[Records contained in a dataset]
-.-.-

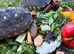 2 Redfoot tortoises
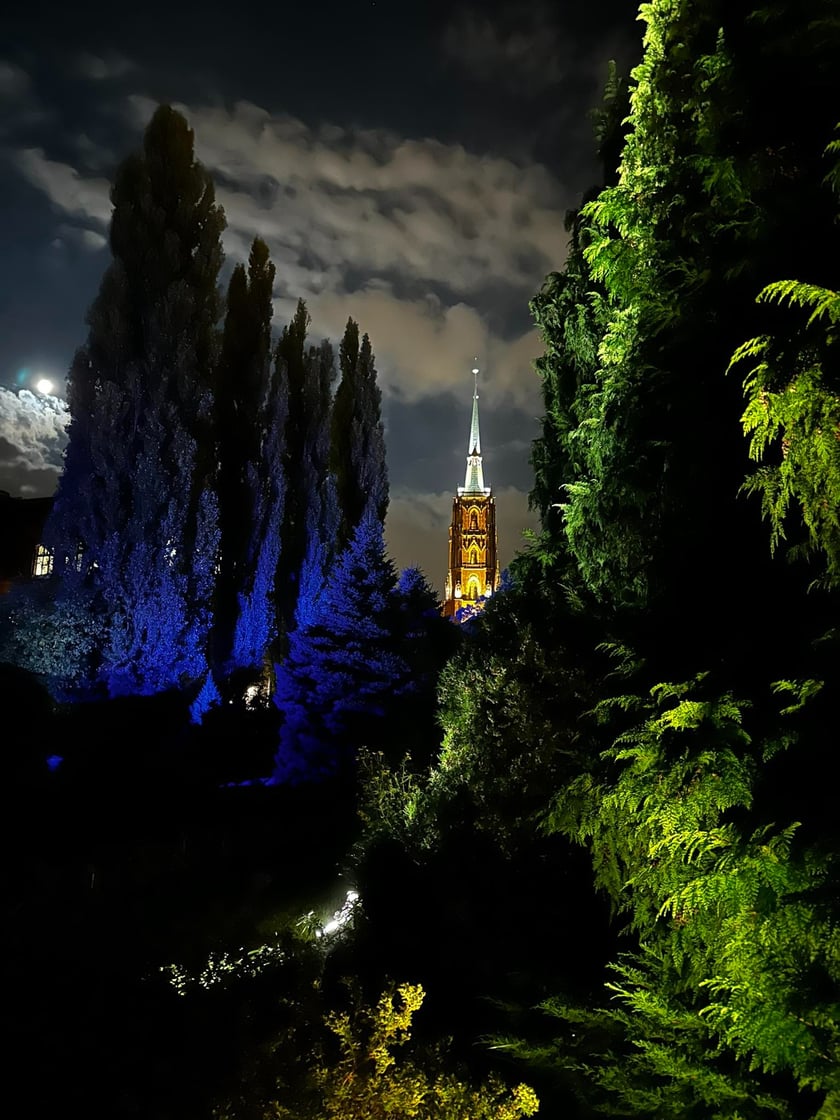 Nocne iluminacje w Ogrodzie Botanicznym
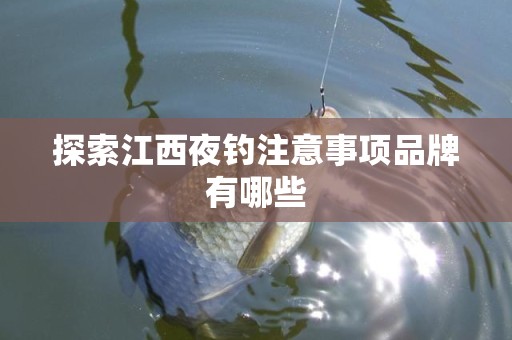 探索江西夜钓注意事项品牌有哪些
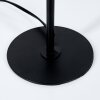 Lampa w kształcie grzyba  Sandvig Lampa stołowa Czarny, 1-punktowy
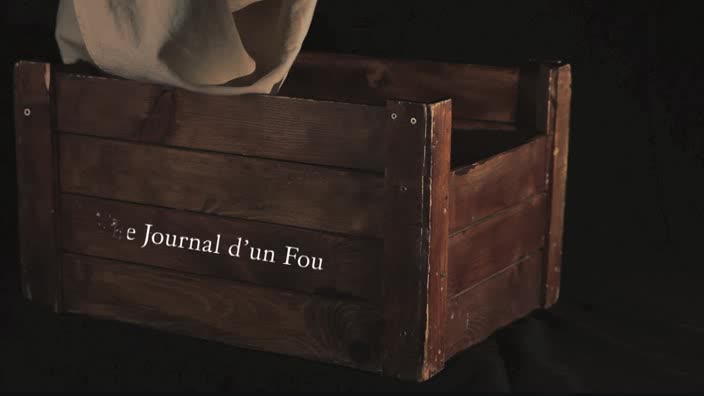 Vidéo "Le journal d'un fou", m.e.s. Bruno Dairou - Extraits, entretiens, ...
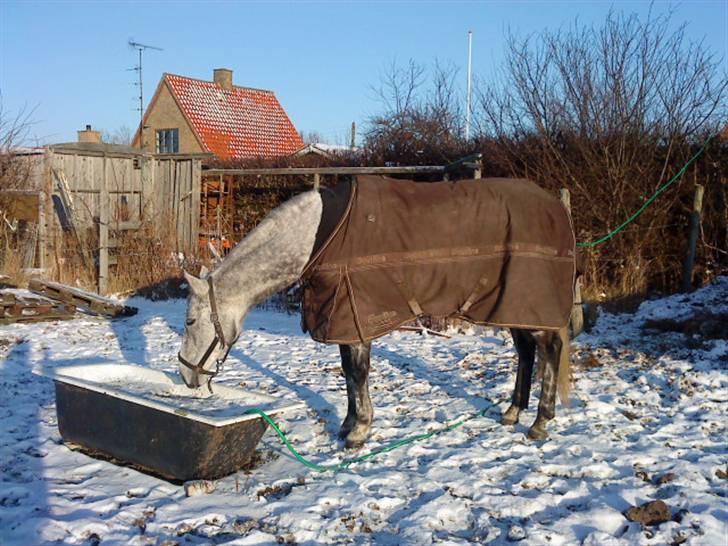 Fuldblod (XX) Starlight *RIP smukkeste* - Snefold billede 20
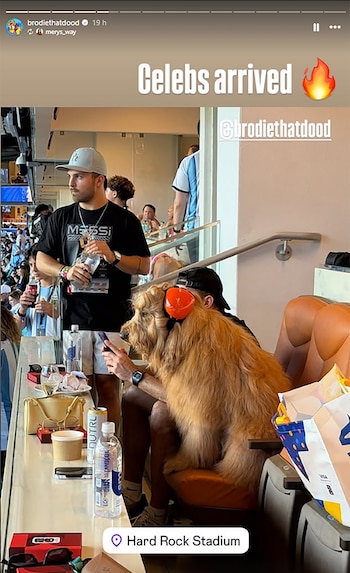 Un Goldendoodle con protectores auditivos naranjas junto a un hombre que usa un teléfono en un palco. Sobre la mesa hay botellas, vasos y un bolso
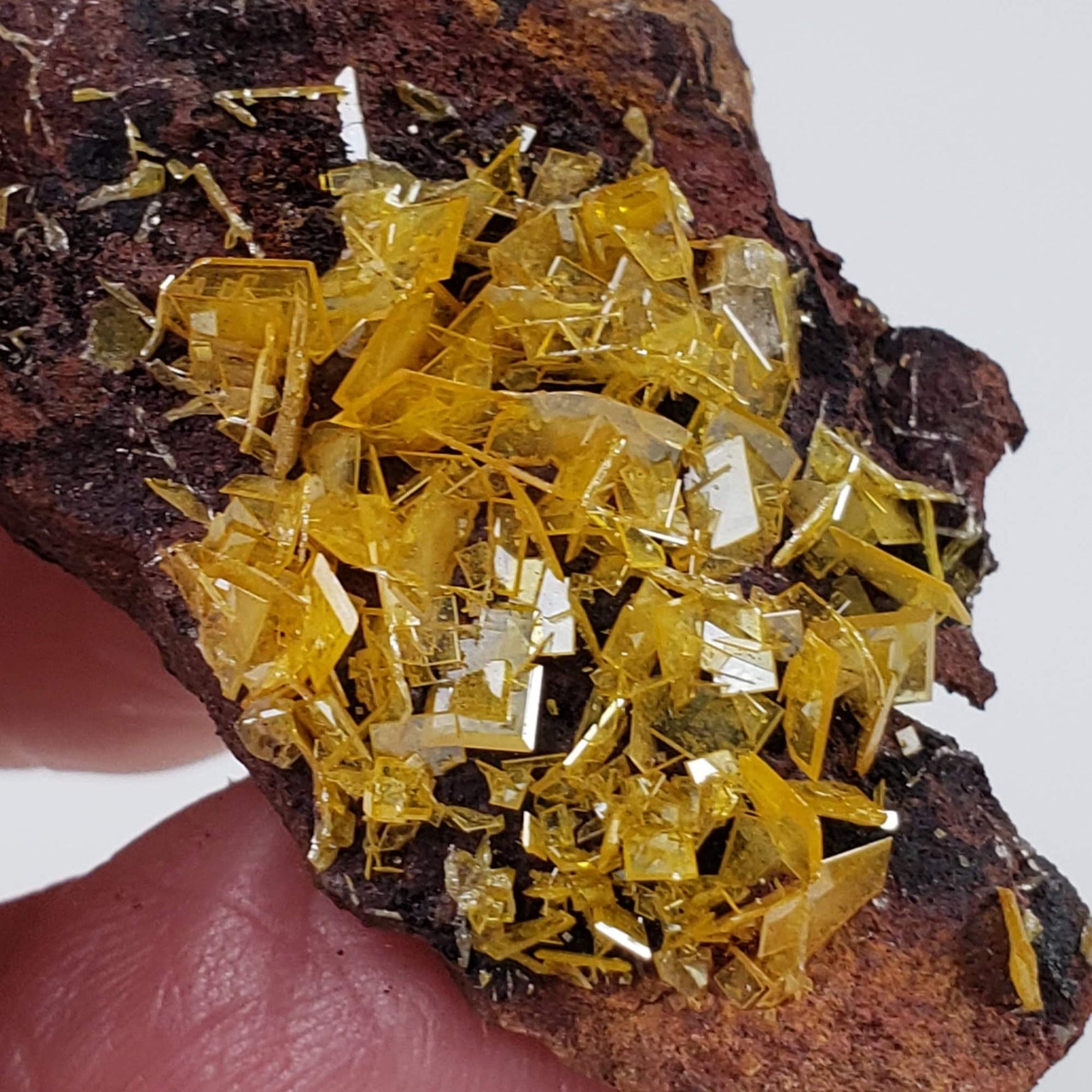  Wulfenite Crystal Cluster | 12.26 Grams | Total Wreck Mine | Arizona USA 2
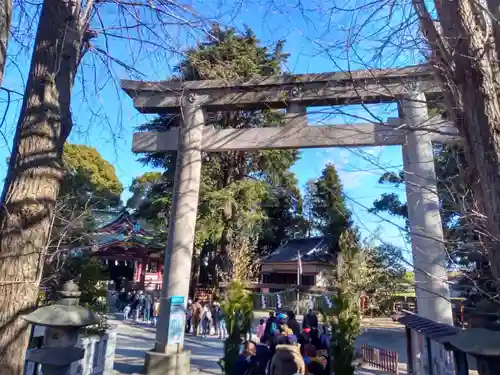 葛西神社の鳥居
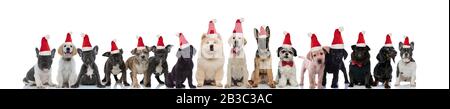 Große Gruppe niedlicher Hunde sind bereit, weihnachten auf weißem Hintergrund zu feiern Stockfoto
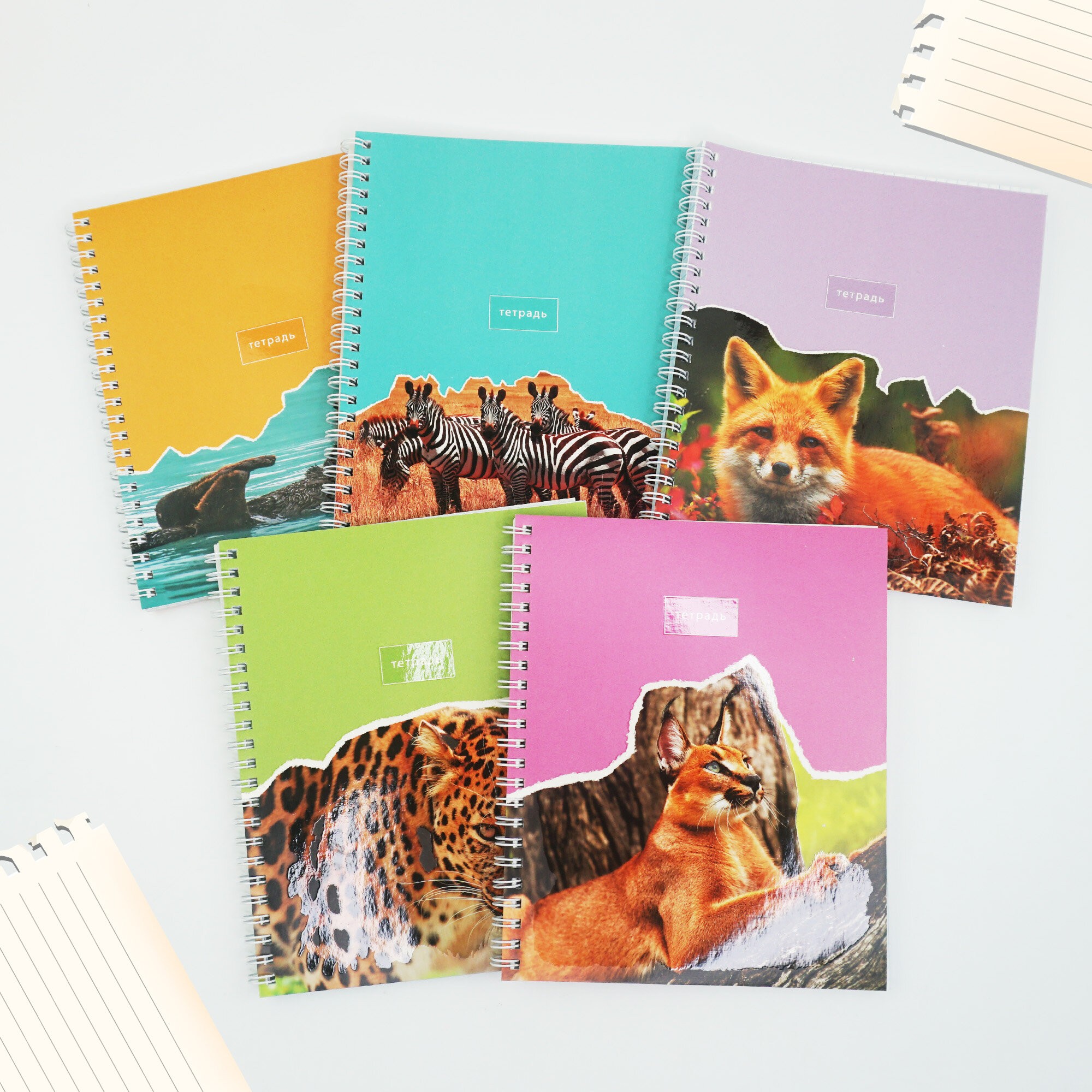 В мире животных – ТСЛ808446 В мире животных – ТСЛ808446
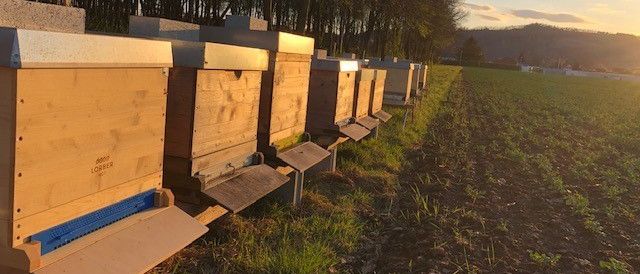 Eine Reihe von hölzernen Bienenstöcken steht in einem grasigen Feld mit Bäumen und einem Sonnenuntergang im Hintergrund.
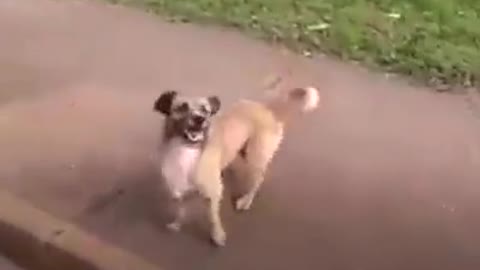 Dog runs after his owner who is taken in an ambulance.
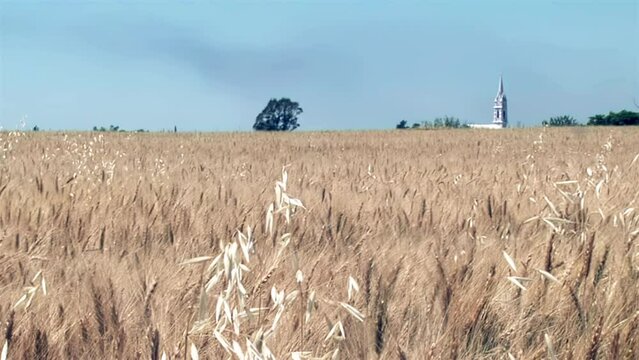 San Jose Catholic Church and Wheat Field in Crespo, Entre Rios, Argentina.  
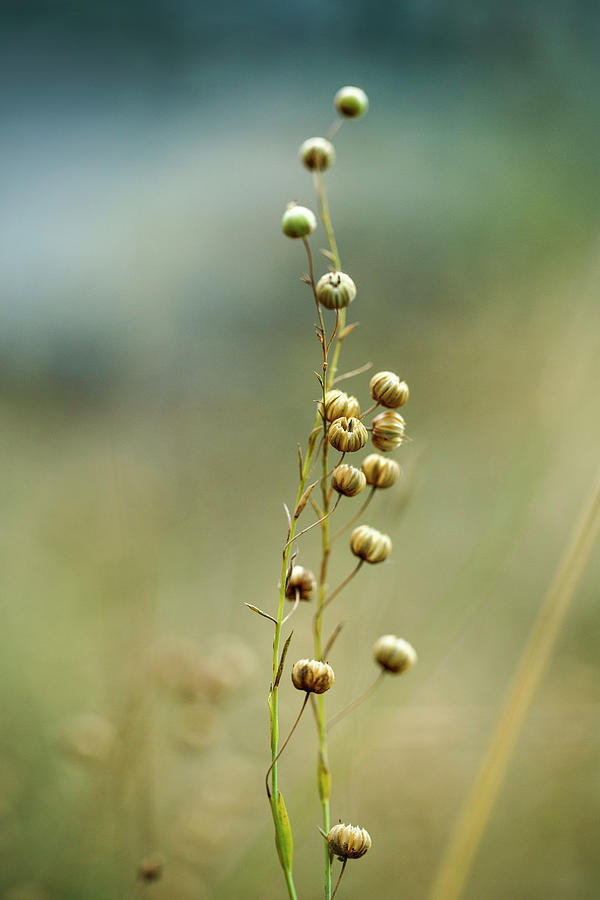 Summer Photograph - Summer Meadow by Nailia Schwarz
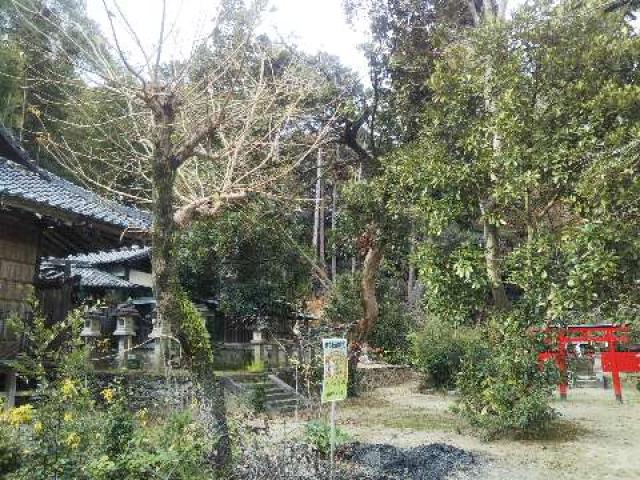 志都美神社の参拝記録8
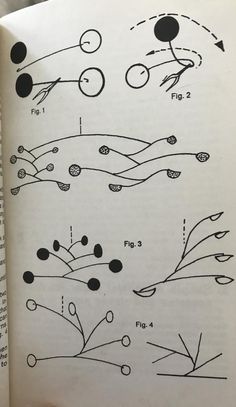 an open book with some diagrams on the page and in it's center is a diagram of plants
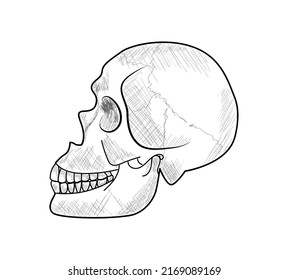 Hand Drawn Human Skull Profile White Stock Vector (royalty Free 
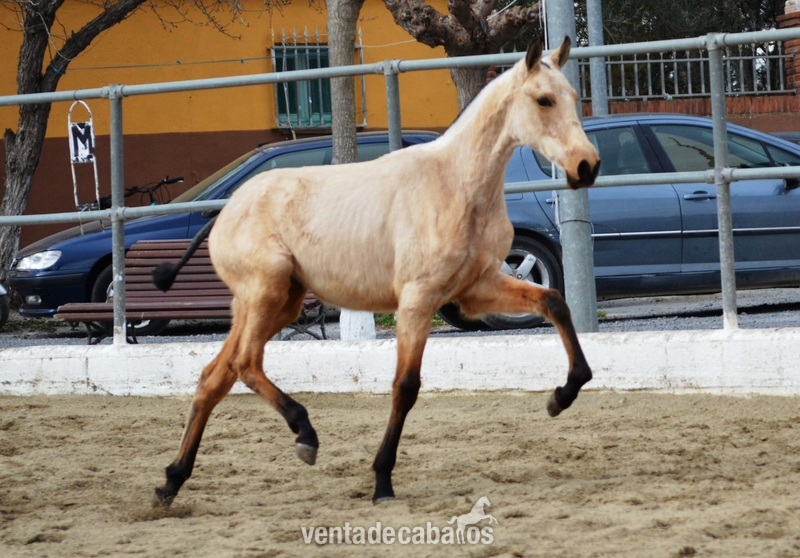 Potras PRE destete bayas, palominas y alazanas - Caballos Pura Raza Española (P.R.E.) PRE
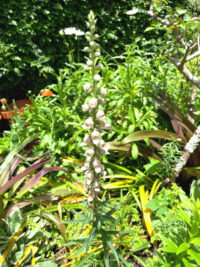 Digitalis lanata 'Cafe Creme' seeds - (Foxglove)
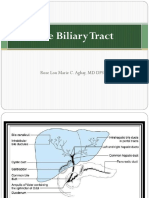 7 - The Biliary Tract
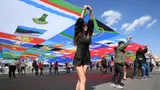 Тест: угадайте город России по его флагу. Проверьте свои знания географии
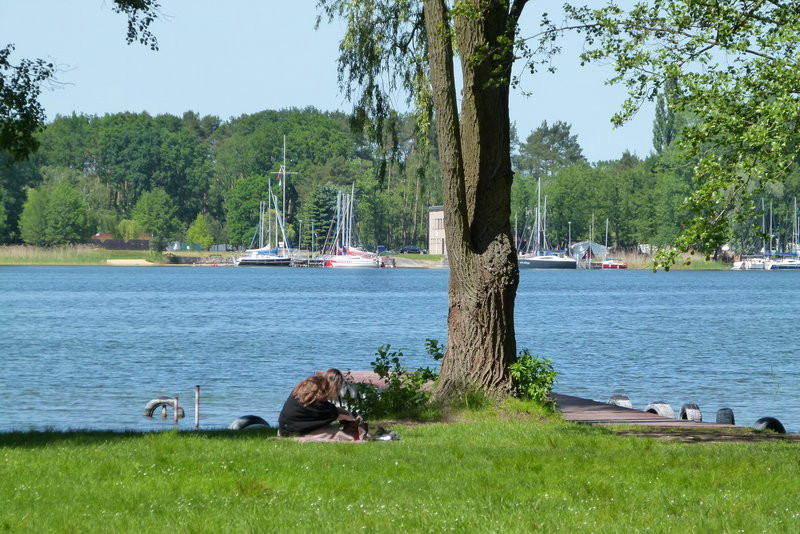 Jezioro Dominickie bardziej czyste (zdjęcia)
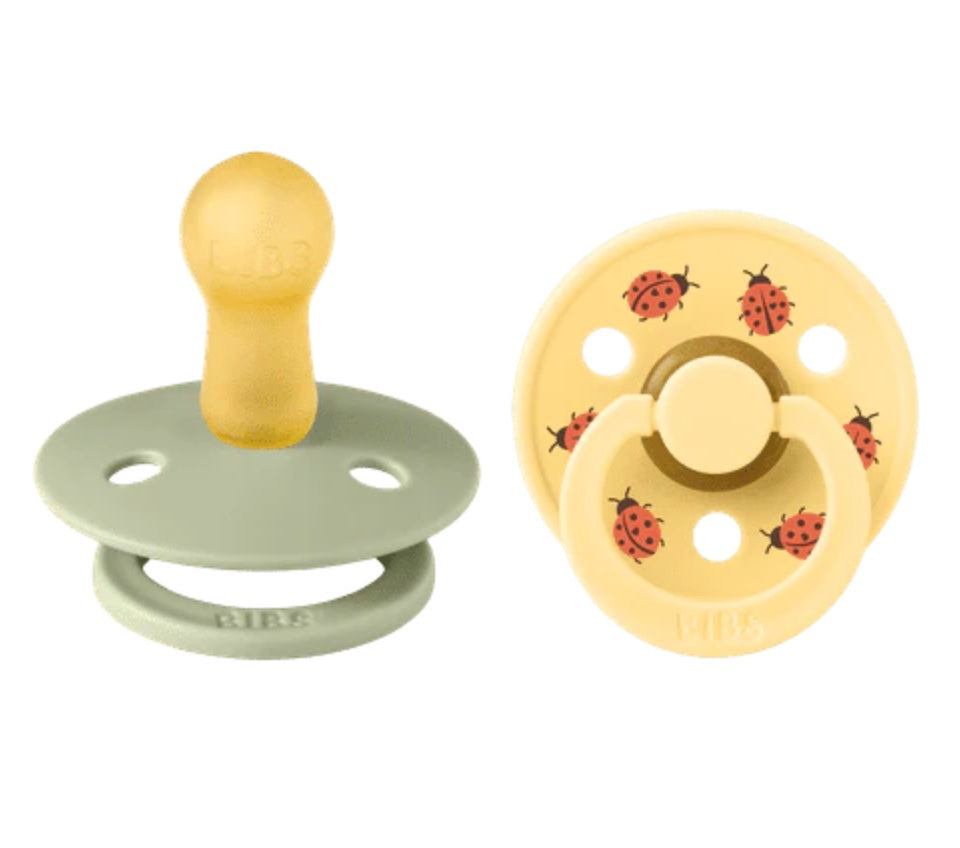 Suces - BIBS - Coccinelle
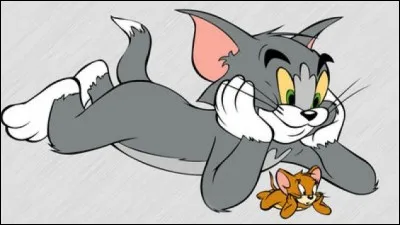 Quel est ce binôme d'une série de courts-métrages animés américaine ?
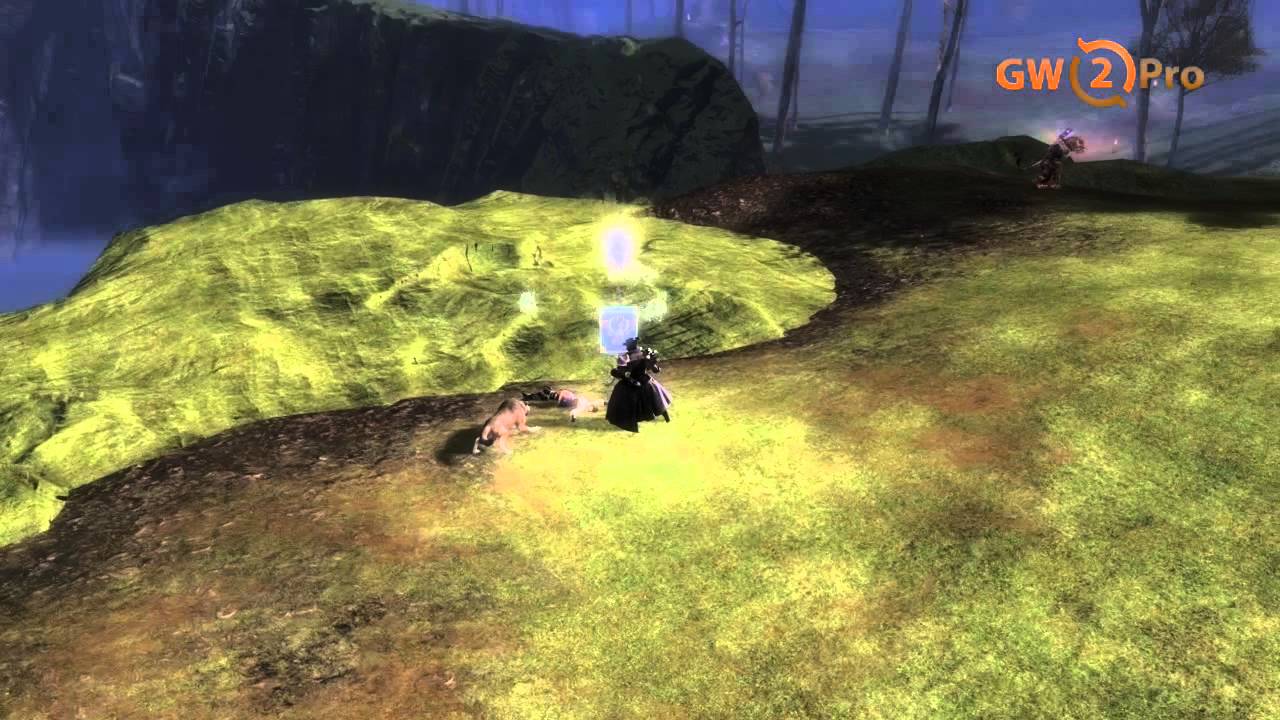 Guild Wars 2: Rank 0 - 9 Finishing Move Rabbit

-.-.-

* [EXERCISE REQUIREMENTS]:
Without the images, output all the entries exactly as they stand.

* [RESULT BELOW]:
 2 Redfoot tortoises
 Nocne iluminacje w Ogrodzie Botanicznym
 探索江西夜钓注意事项品牌有哪些
 Lampa w kształcie grzyba  Sandvig Lampa stołowa Czarny, 1-punktowy
 Vidéo "Le journal d'un fou", m.e.s. Bruno Dairou - Extraits, entretiens, ...
 Fuldblod (XX) Starlight *RIP smukkeste* - Snefold billede 20
 Un Goldendoodle con protectores auditivos naranjas junto a un hombre que usa un teléfono en un palco. Sobre la mesa hay botellas, vasos y un bolso
  Wulfenite Crystal Cluster | 12.26 Grams | Total Wreck Mine | Arizona USA 2
 葛西神社の鳥居
 Große Gruppe niedlicher Hunde sind bereit, weihnachten auf weißem Hintergrund zu feiern Stockfoto
 В мире животных – ТСЛ808446 В мире животных – ТСЛ808446
 Eine Reihe von hölzernen Bienenstöcken steht in einem grasigen Feld mit Bäumen und einem Sonnenuntergang im Hintergrund.
 Dog runs after his owner who is taken in an ambulance.
 San Jose Catholic Church and Wheat Field in Crespo, Entre Rios, Argentina.  
 Summer Photograph - Summer Meadow by Nailia Schwarz
 志都美神社の参拝記録8
 an open book with some diagrams on the page and in it's center is a diagram of plants
 Hand Drawn Human Skull Profile White Stock Vector (royalty Free 
 Potras PRE destete bayas, palominas y alazanas - Caballos Pura Raza Española (P.R.E.) PRE
 Digitalis lanata 'Cafe Creme' seeds - (Foxglove)
 7 - The Biliary Tract
 Тест: угадайте город России по его флагу. Проверьте свои знания географии
 Jezioro Dominickie bardziej czyste (zdjęcia)
 Suces - BIBS - Coccinelle
 Quel est ce binôme d'une série de courts-métrages animés américaine ?
 Guild Wars 2: Rank 0 - 9 Finishing Move Rabbit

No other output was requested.